The result should be a full, exact repeat of the entries, free of pictures.

Collected data entries:
************

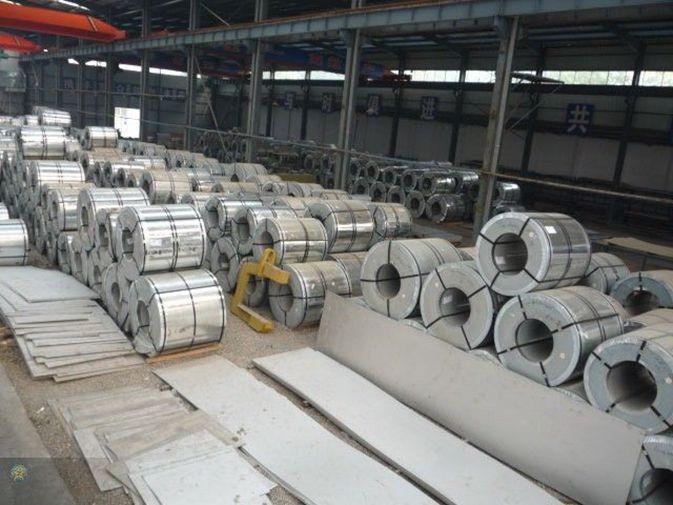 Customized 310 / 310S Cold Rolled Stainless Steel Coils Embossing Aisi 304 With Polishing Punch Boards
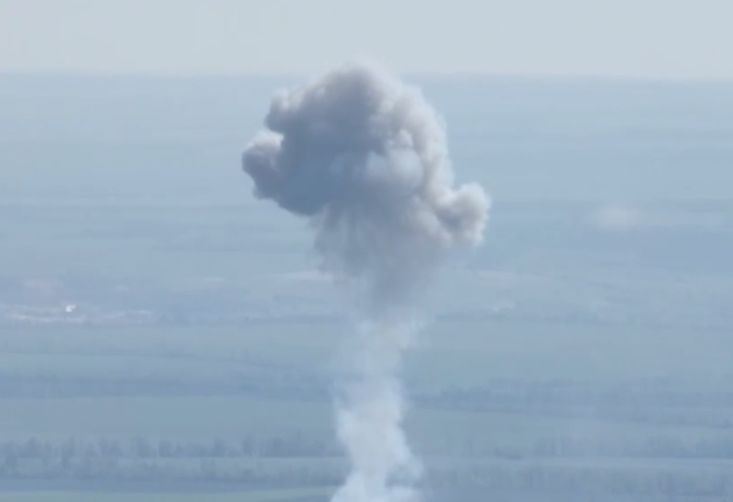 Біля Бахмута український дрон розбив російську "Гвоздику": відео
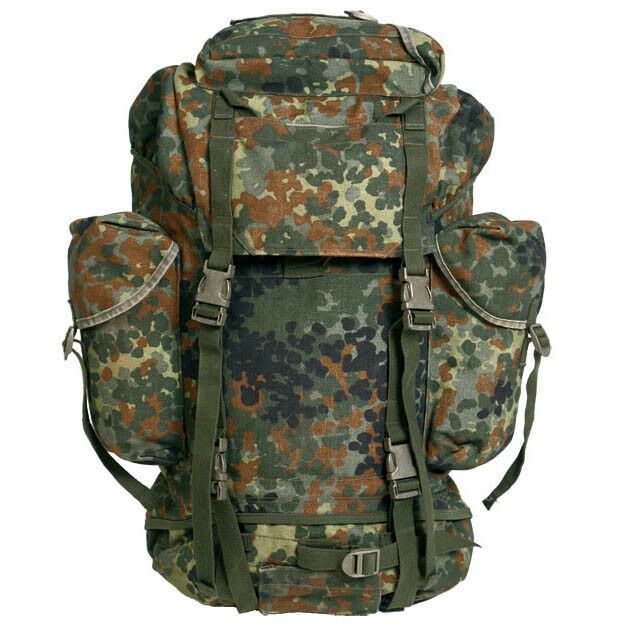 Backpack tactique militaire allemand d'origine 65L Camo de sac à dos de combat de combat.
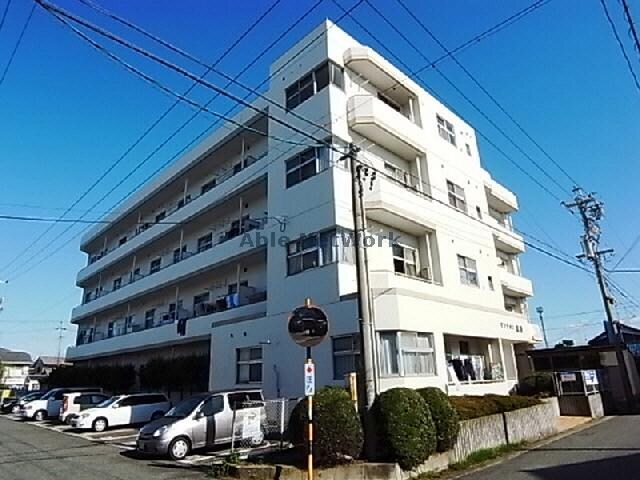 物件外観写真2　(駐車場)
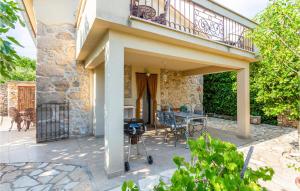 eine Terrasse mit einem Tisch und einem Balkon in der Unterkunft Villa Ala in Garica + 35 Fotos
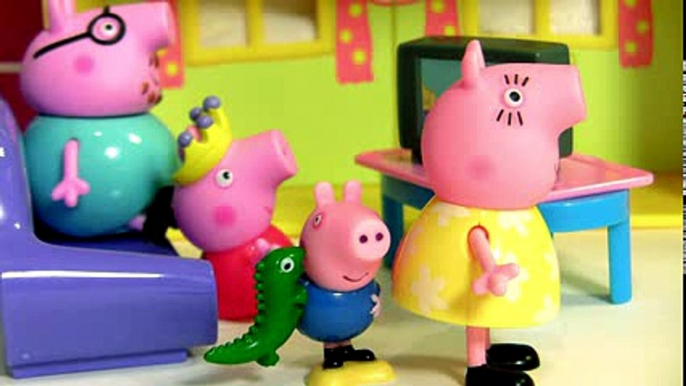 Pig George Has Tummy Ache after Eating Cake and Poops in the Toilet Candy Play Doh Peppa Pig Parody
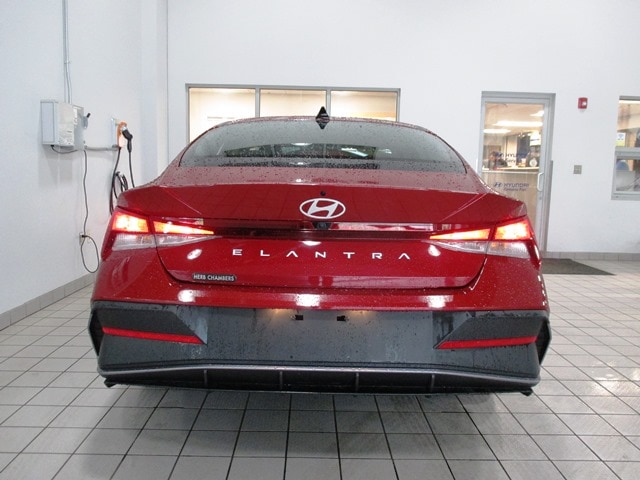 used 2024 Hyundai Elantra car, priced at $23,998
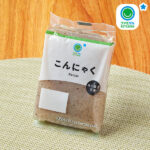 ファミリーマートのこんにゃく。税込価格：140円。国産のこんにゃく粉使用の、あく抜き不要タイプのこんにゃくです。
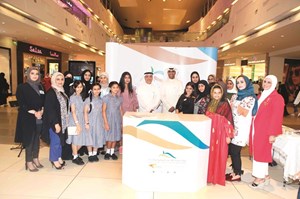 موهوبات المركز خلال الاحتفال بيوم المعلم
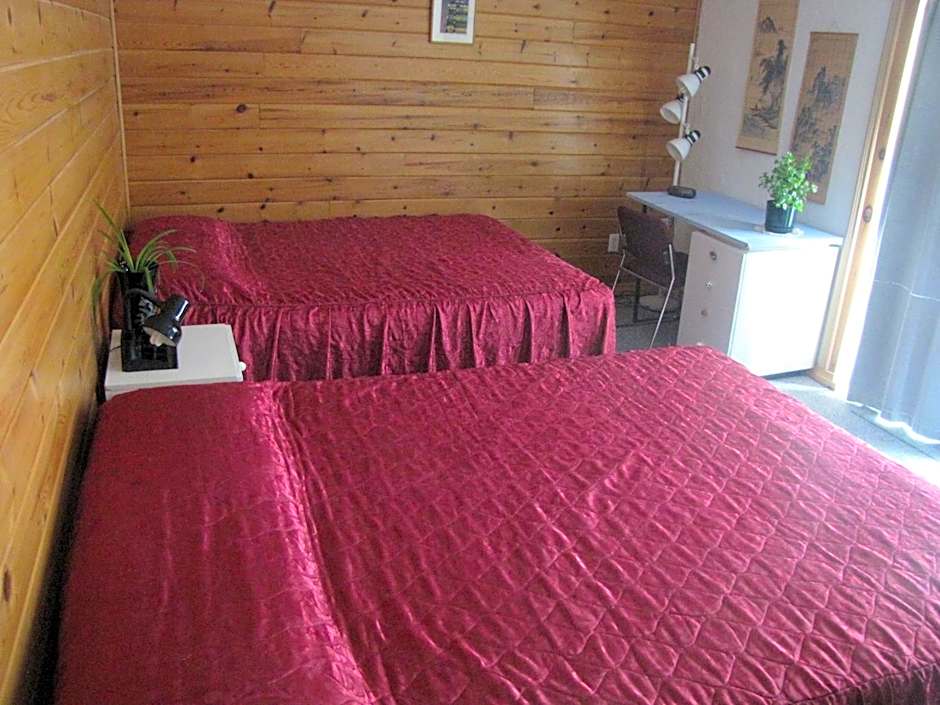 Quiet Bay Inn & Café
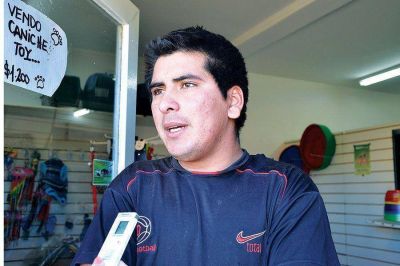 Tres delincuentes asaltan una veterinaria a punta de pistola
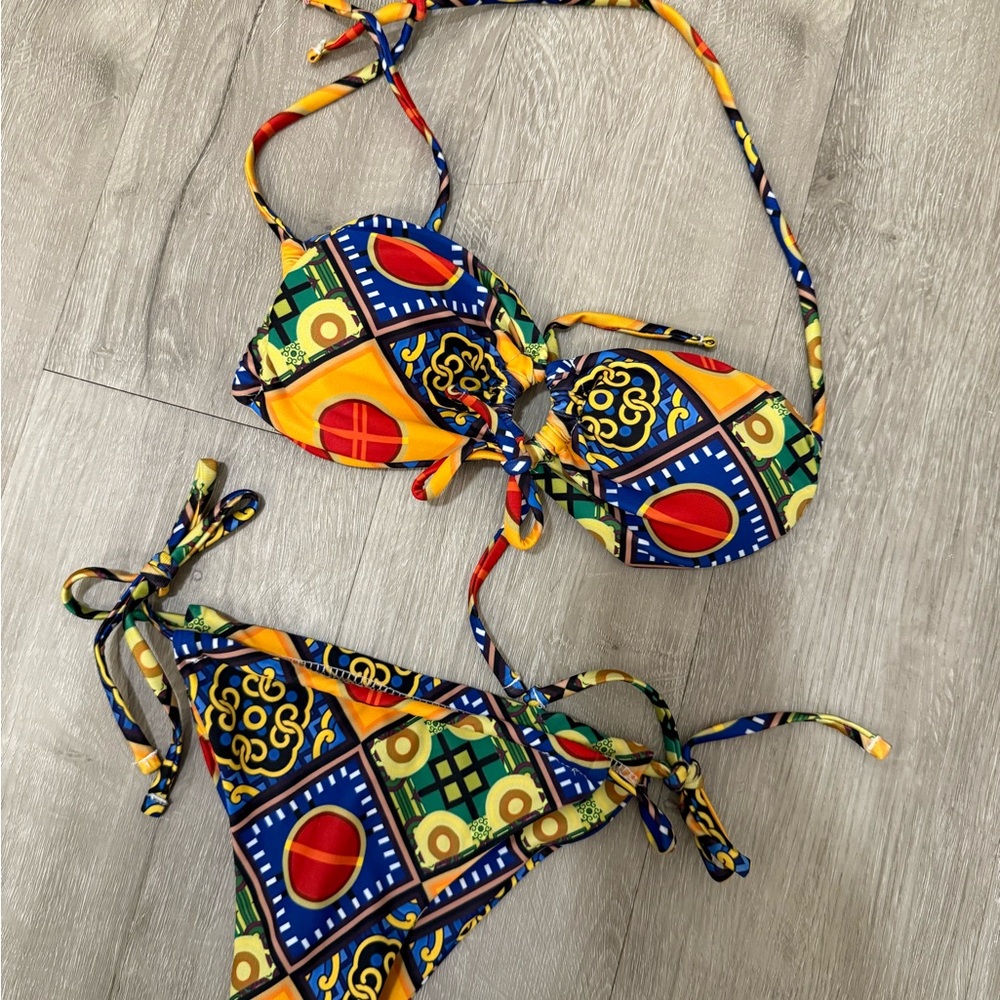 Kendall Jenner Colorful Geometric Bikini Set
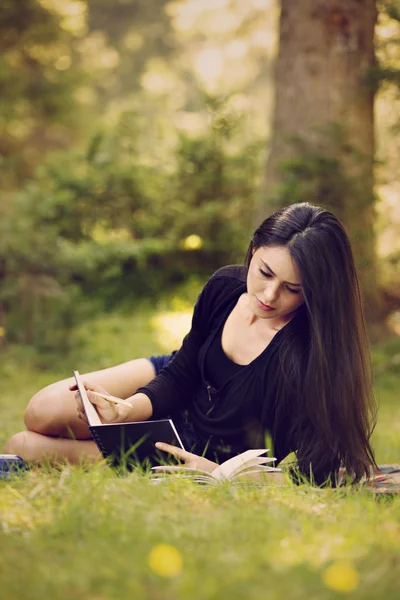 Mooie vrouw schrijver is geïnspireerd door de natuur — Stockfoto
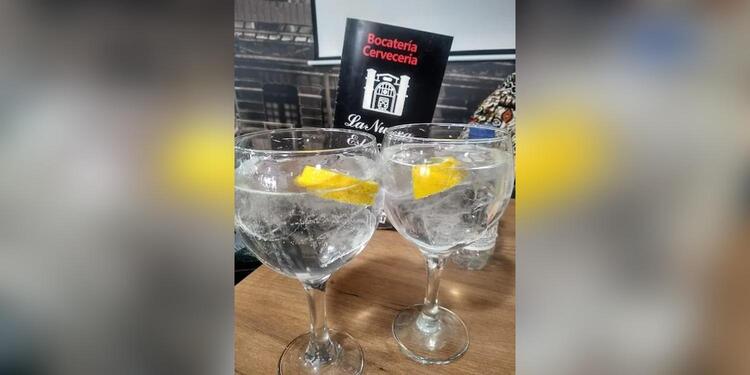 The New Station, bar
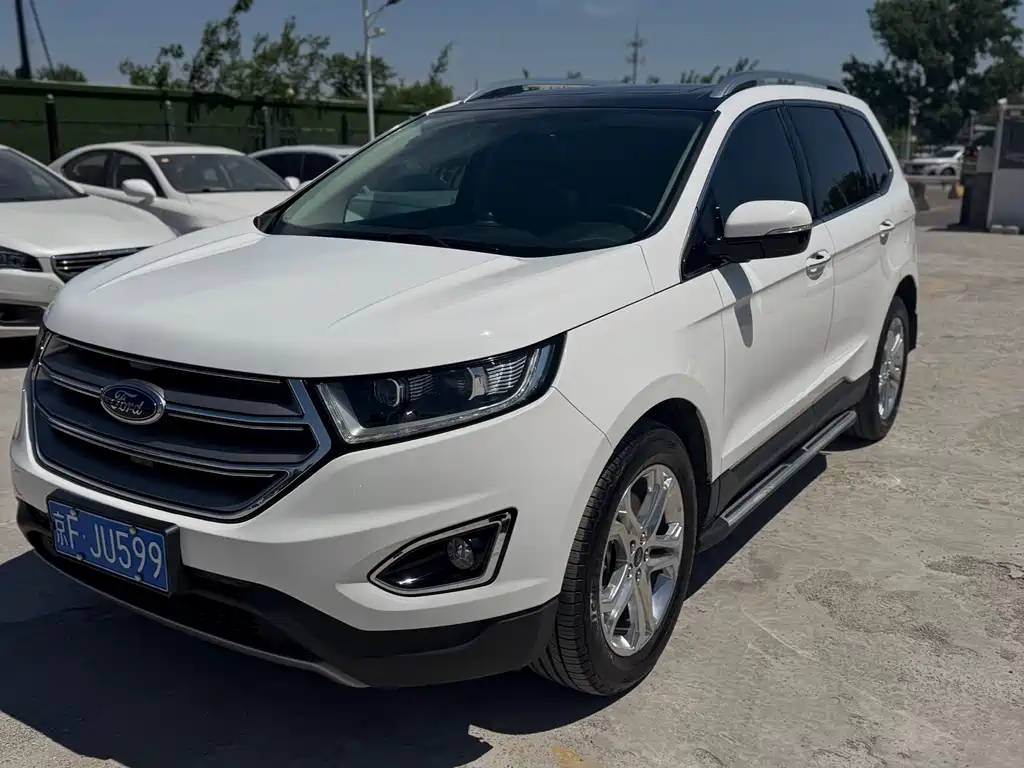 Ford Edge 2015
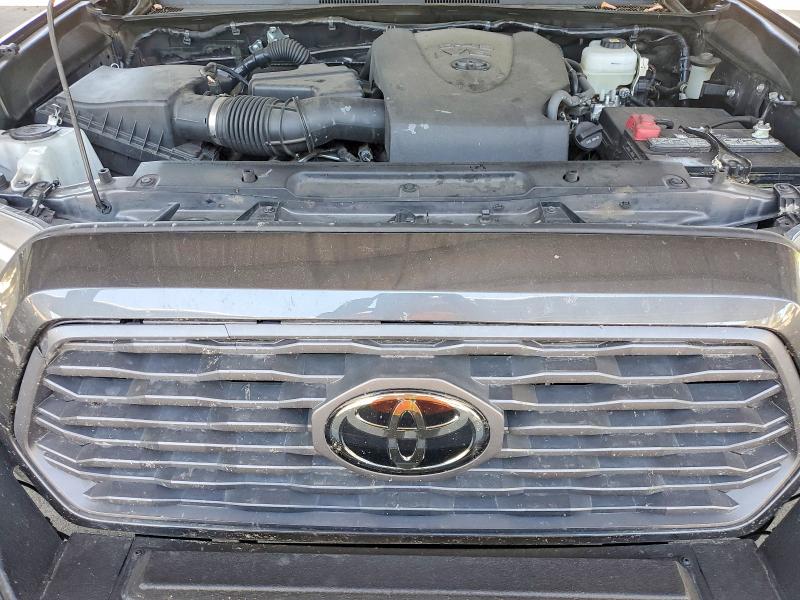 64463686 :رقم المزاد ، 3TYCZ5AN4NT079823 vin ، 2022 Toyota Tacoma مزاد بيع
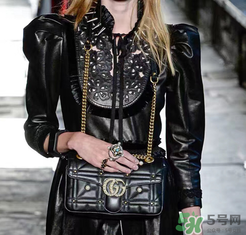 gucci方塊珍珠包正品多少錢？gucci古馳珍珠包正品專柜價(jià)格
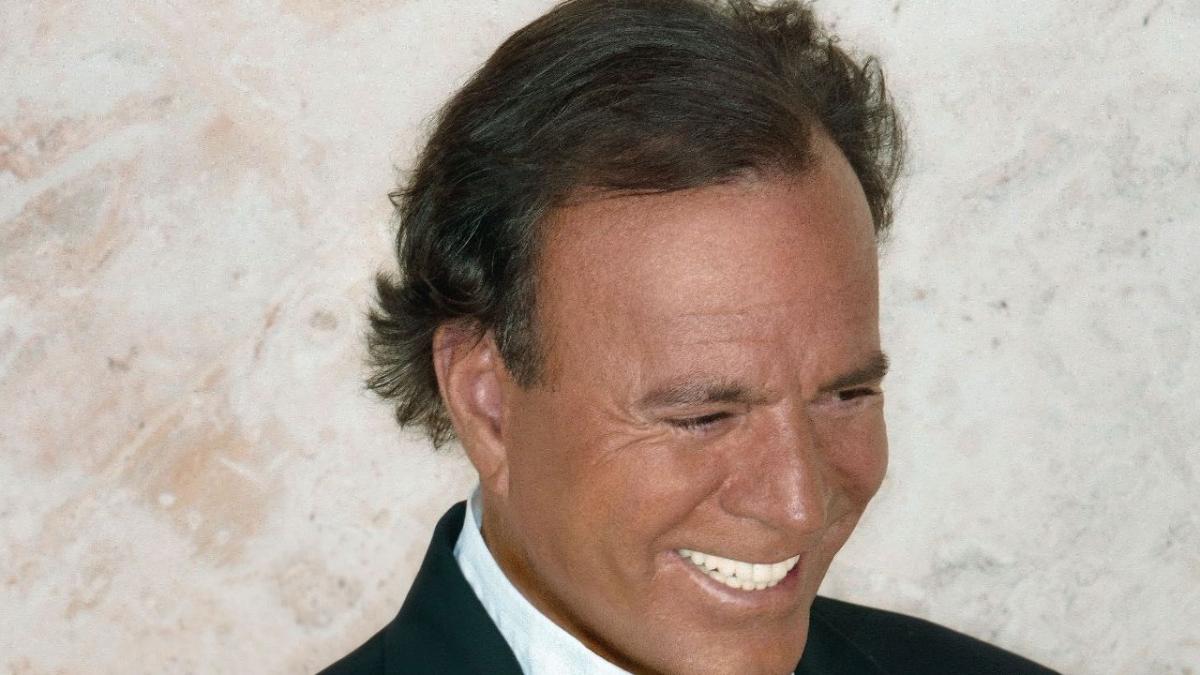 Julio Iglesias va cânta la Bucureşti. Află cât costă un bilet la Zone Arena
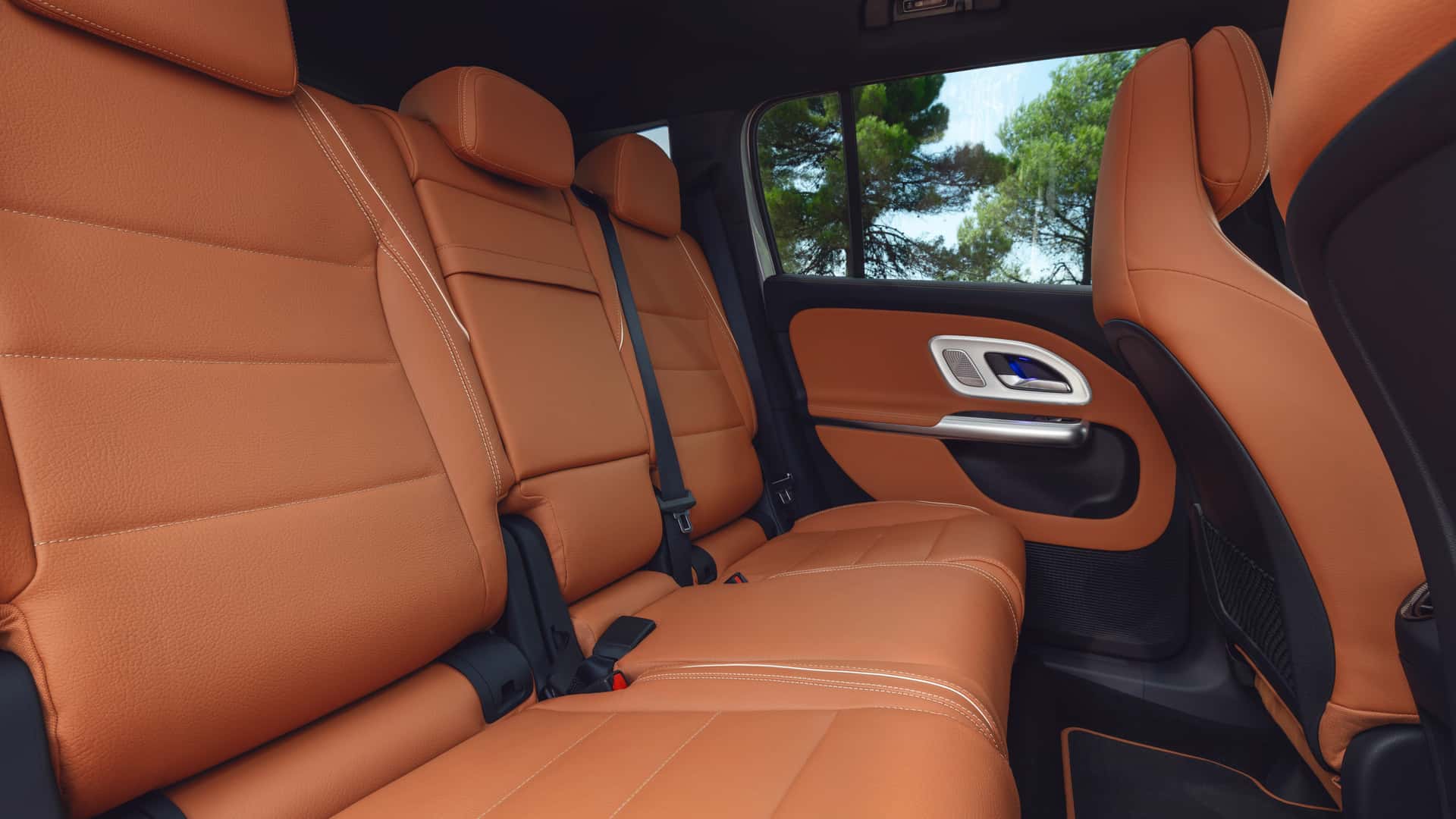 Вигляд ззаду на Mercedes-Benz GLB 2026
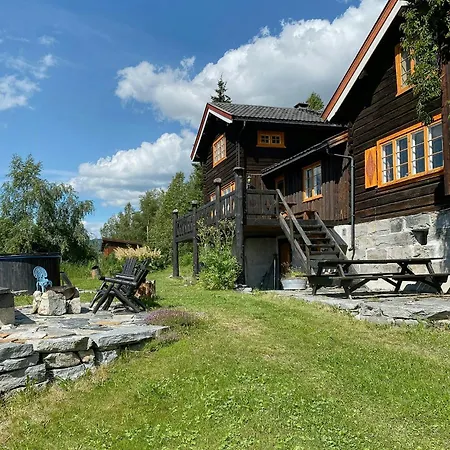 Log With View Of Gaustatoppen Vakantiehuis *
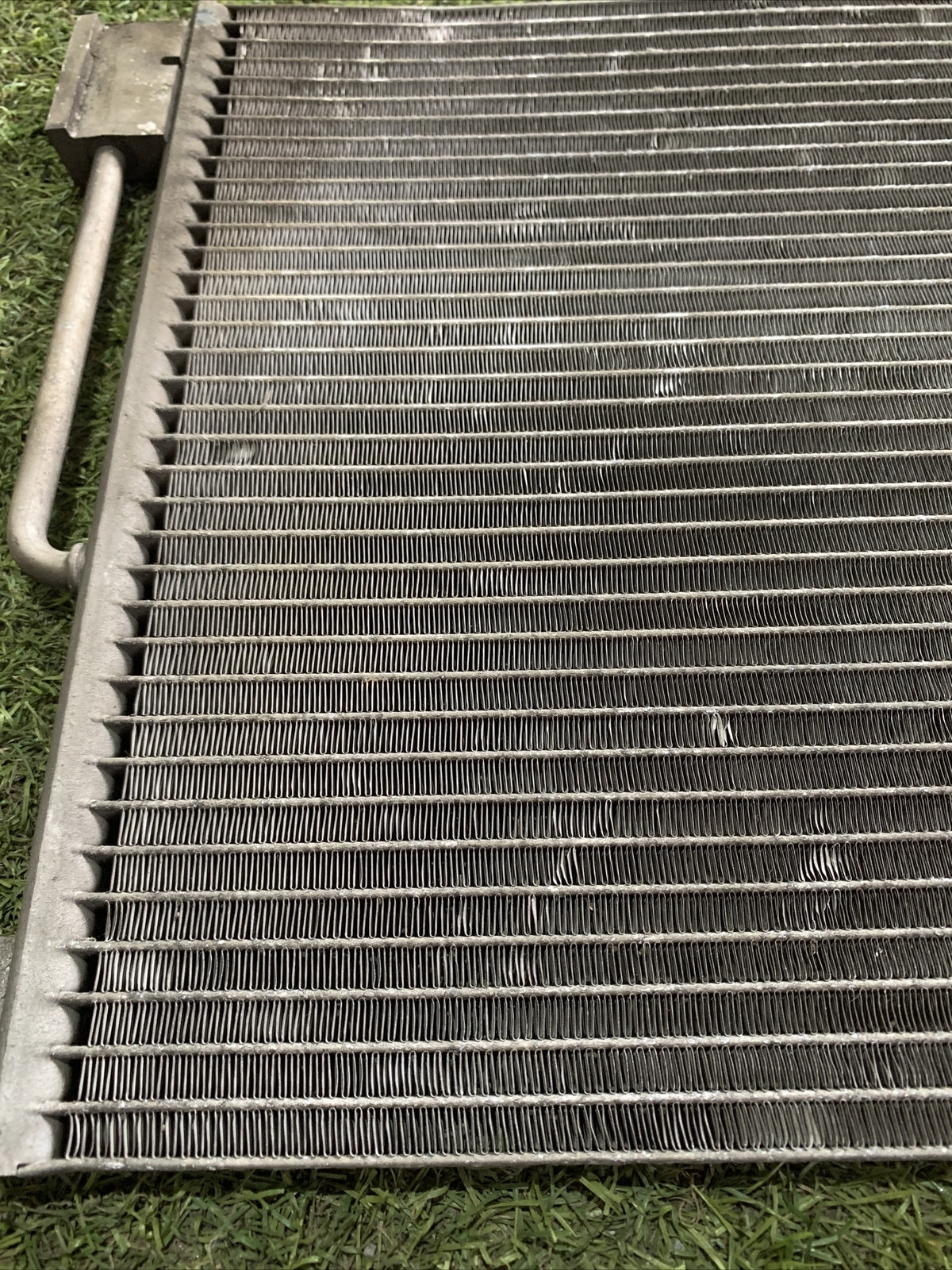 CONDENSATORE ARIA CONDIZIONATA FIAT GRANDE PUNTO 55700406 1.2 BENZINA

************

> [TASK RESPONSE]:
 Customized 310 / 310S Cold Rolled Stainless Steel Coils Embossing Aisi 304 With Polishing Punch Boards
 Біля Бахмута український дрон розбив російську "Гвоздику": відео
 Backpack tactique militaire allemand d'origine 65L Camo de sac à dos de combat de combat.
 物件外観写真2　(駐車場)
 eine Terrasse mit einem Tisch und einem Balkon in der Unterkunft Villa Ala in Garica + 35 Fotos
 Pig George Has Tummy Ache after Eating Cake and Poops in the Toilet Candy Play Doh Peppa Pig Parody
 used 2024 Hyundai Elantra car, priced at $23,998
 ファミリーマートのこんにゃく。税込価格：140円。国産のこんにゃく粉使用の、あく抜き不要タイプのこんにゃくです。
 موهوبات المركز خلال الاحتفال بيوم المعلم
 Quiet Bay Inn & Café
 Tres delincuentes asaltan una veterinaria a punta de pistola
 Kendall Jenner Colorful Geometric Bikini Set
 Mooie vrouw schrijver is geïnspireerd door de natuur — Stockfoto
 The New Station, bar
 Ford Edge 2015
 64463686 :رقم المزاد ، 3TYCZ5AN4NT079823 vin ، 2022 Toyota Tacoma مزاد بيع
 gucci方塊珍珠包正品多少錢？gucci古馳珍珠包正品專柜價(jià)格
 Julio Iglesias va cânta la Bucureşti. Află cât costă un bilet la Zone Arena
 Вигляд ззаду на Mercedes-Benz GLB 2026
 Log With View Of Gaustatoppen Vakantiehuis *
 CONDENSATORE ARIA CONDIZIONATA FIAT GRANDE PUNTO 55700406 1.2 BENZINA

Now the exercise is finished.